**WHAT TO PRODUCE**. Repeat exactly the lines of the material below that run from the "Margot Cocktail Napkin" line to the "Pebble Flush Mount" line, including both, and do not carry over any pictures.

**TASK INPUT**.
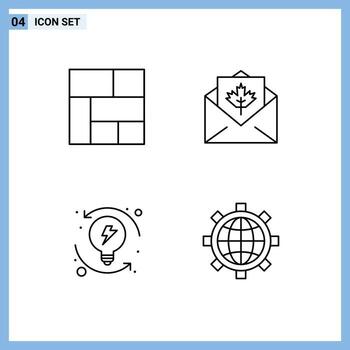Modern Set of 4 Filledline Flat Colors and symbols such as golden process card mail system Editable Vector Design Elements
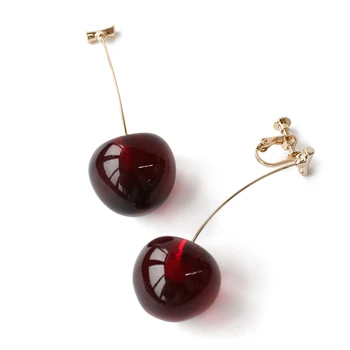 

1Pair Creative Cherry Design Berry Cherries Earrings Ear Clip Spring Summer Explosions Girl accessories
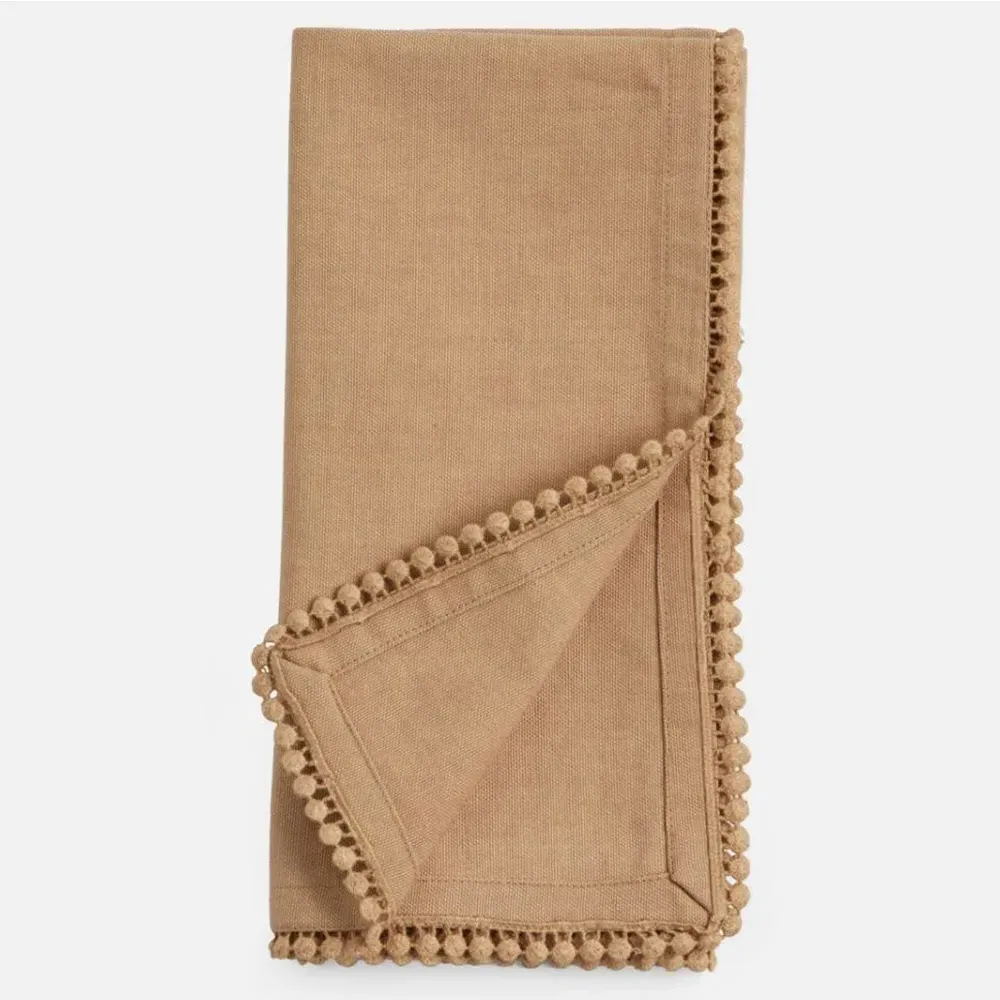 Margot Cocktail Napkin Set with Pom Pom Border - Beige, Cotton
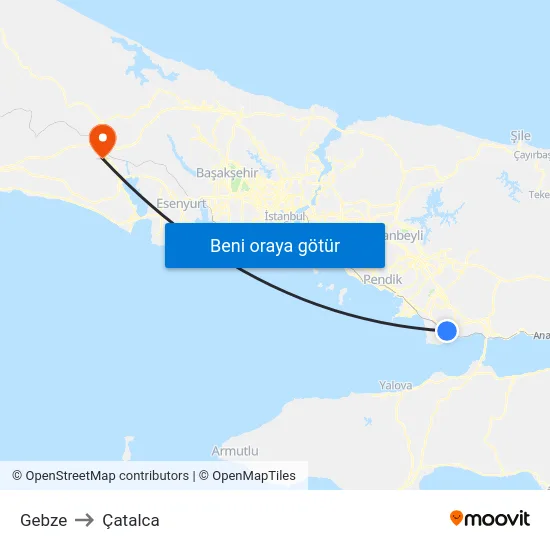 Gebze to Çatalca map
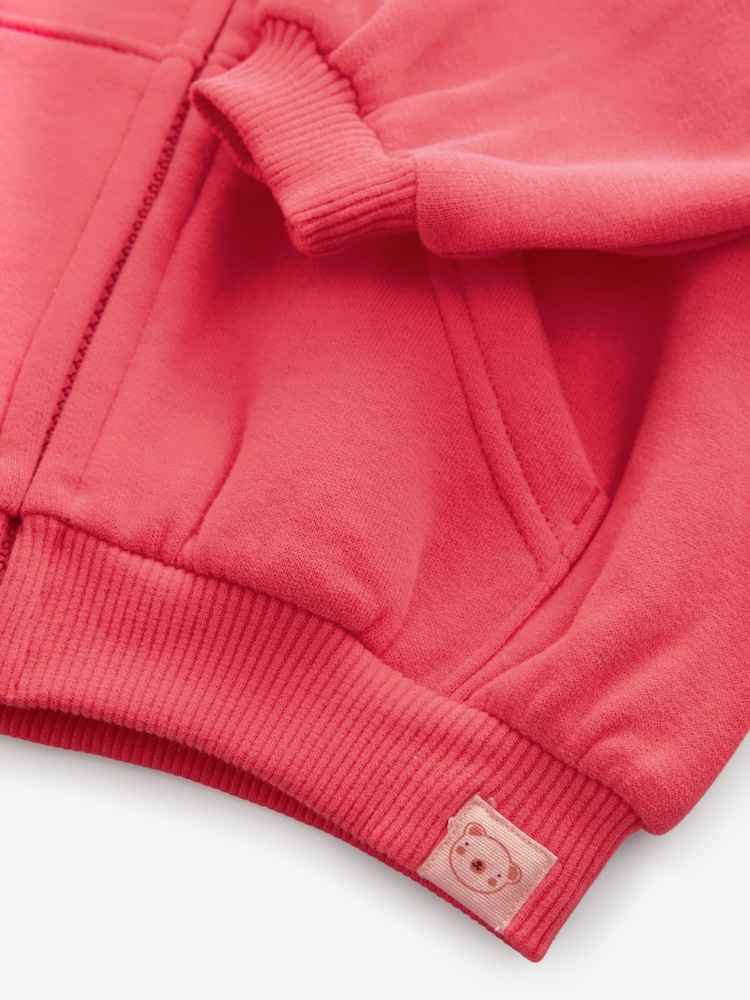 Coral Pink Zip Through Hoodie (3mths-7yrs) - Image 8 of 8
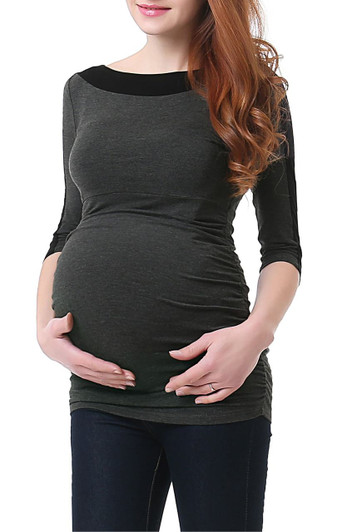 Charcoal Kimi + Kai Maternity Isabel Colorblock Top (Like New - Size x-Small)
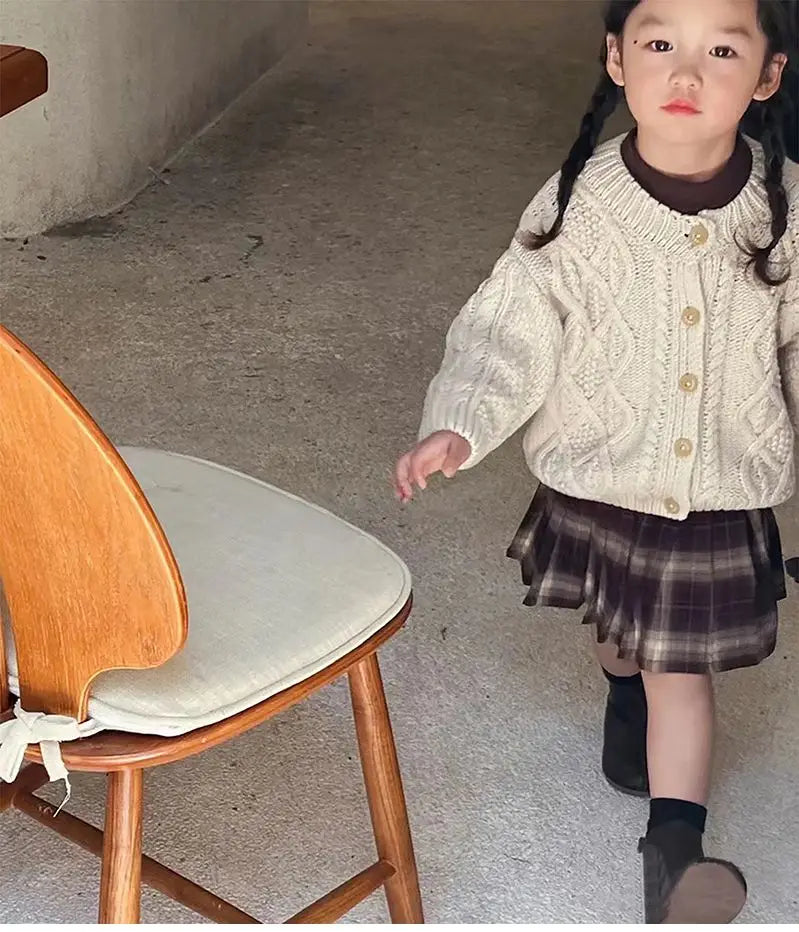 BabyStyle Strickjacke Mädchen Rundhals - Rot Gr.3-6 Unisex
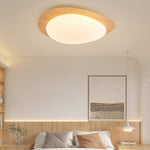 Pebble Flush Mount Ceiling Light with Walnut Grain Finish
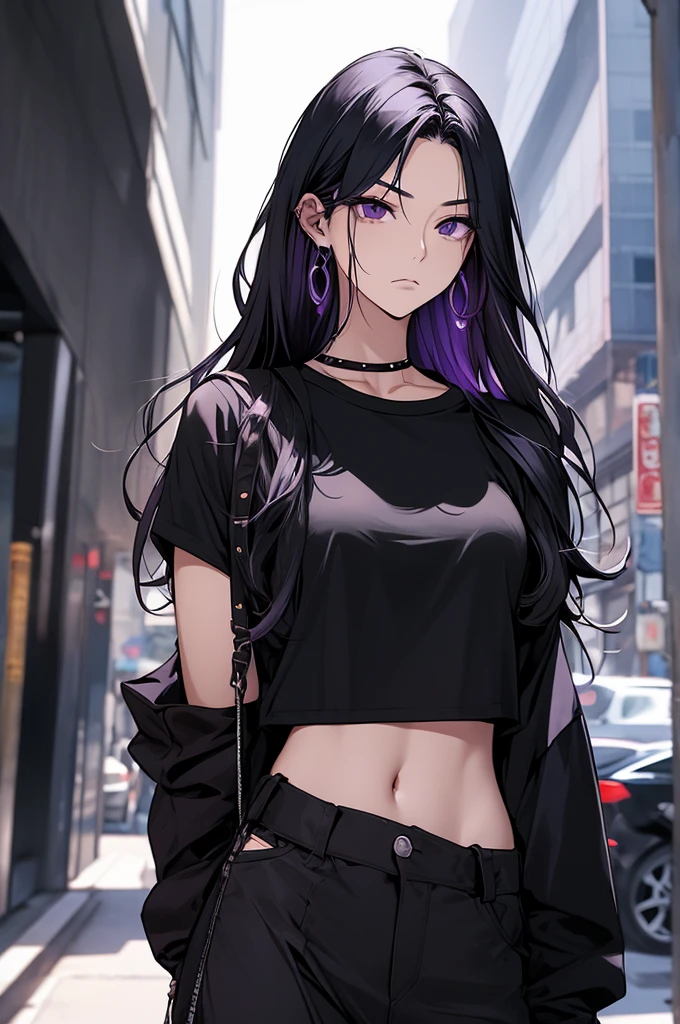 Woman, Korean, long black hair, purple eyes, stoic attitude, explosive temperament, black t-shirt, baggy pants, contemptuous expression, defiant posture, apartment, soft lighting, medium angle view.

---

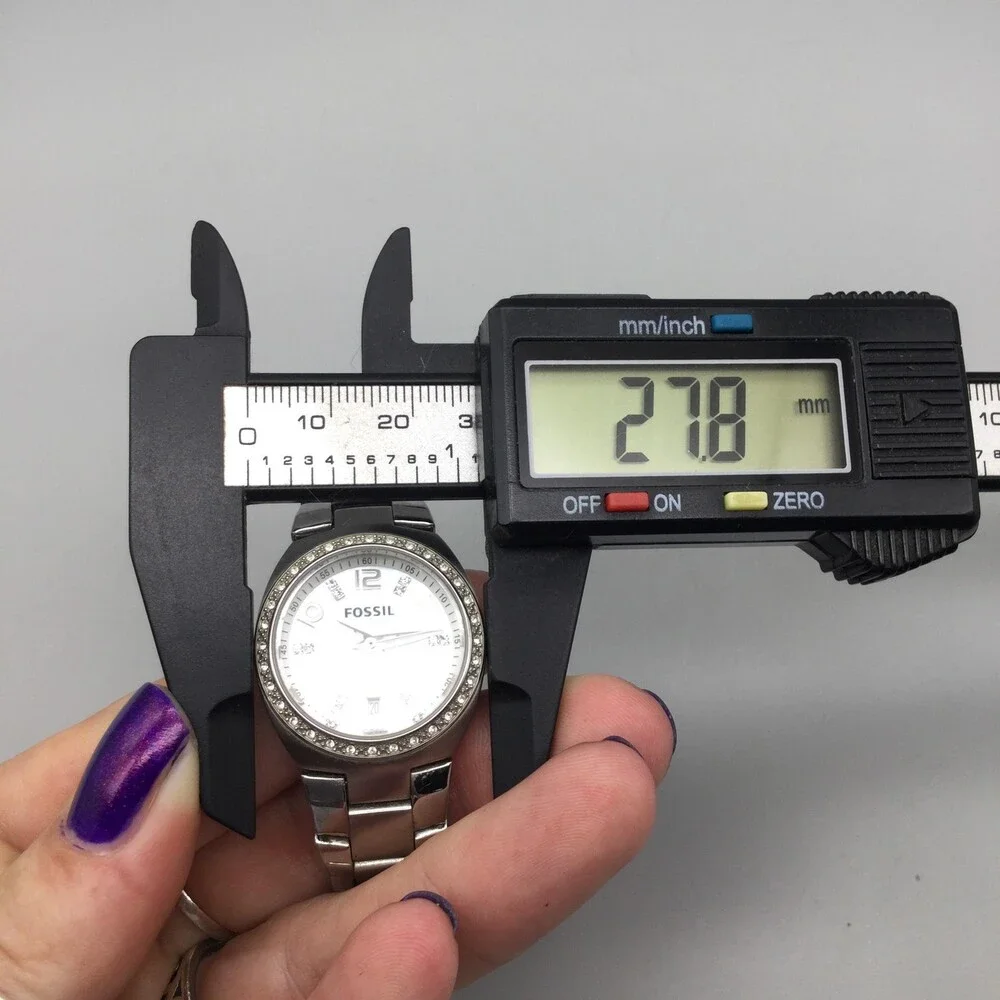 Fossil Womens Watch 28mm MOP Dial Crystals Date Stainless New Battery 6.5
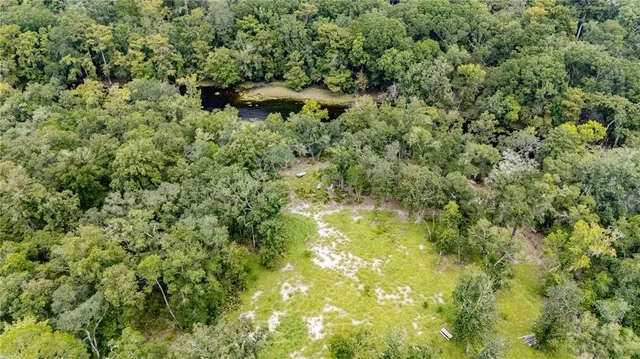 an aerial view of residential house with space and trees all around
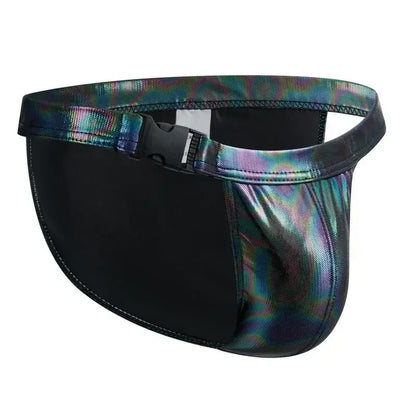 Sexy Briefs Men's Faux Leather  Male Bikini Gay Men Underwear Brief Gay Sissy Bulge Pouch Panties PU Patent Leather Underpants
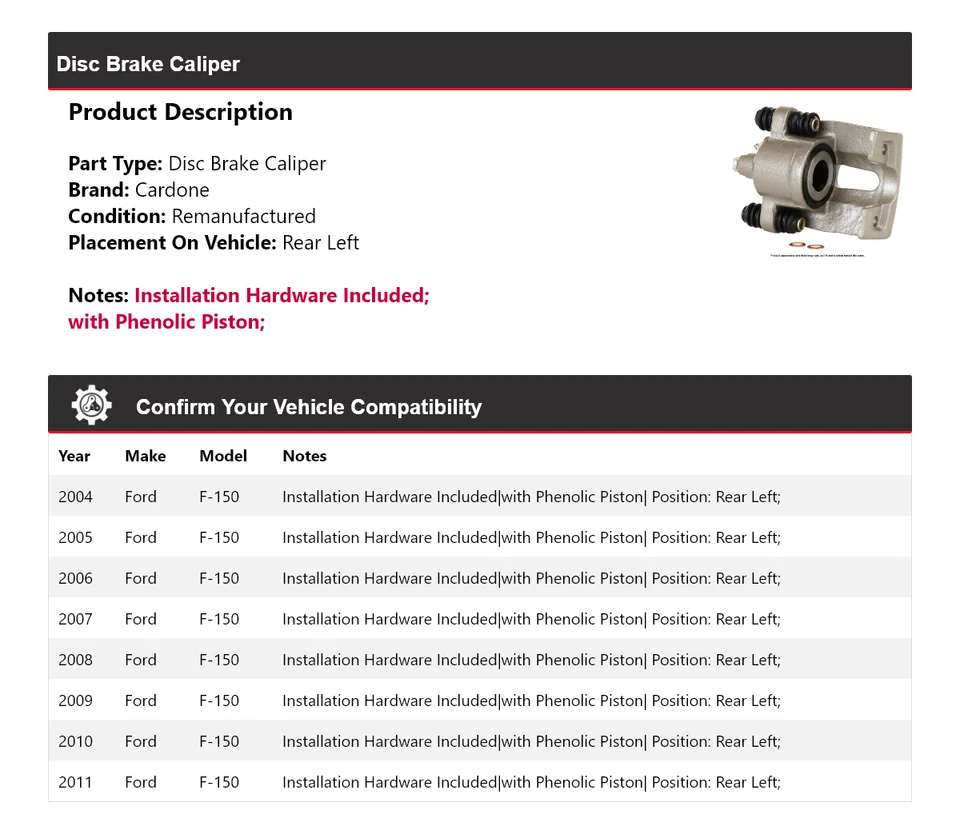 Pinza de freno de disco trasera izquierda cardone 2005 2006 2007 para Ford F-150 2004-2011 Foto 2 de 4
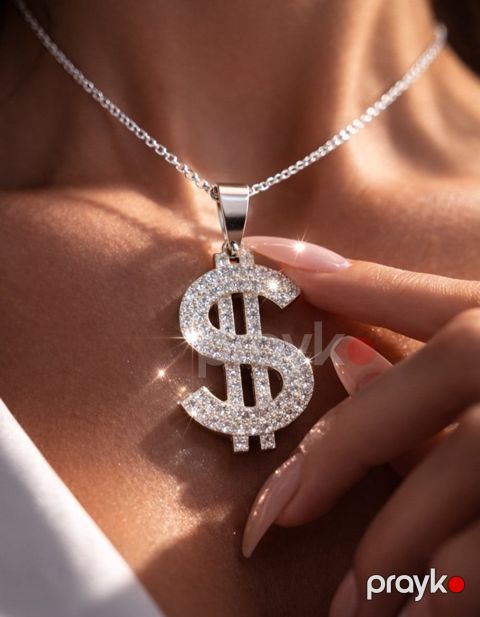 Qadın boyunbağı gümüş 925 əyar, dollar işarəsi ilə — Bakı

**SOLUTION FOR THIS EXERCISE**.
 Margot Cocktail Napkin Set with Pom Pom Border - Beige, Cotton
 Gebze to Çatalca map
 Coral Pink Zip Through Hoodie (3mths-7yrs) - Image 8 of 8
 Charcoal Kimi + Kai Maternity Isabel Colorblock Top (Like New - Size x-Small)
 BabyStyle Strickjacke Mädchen Rundhals - Rot Gr.3-6 Unisex
 Pebble Flush Mount Ceiling Light with Walnut Grain Finish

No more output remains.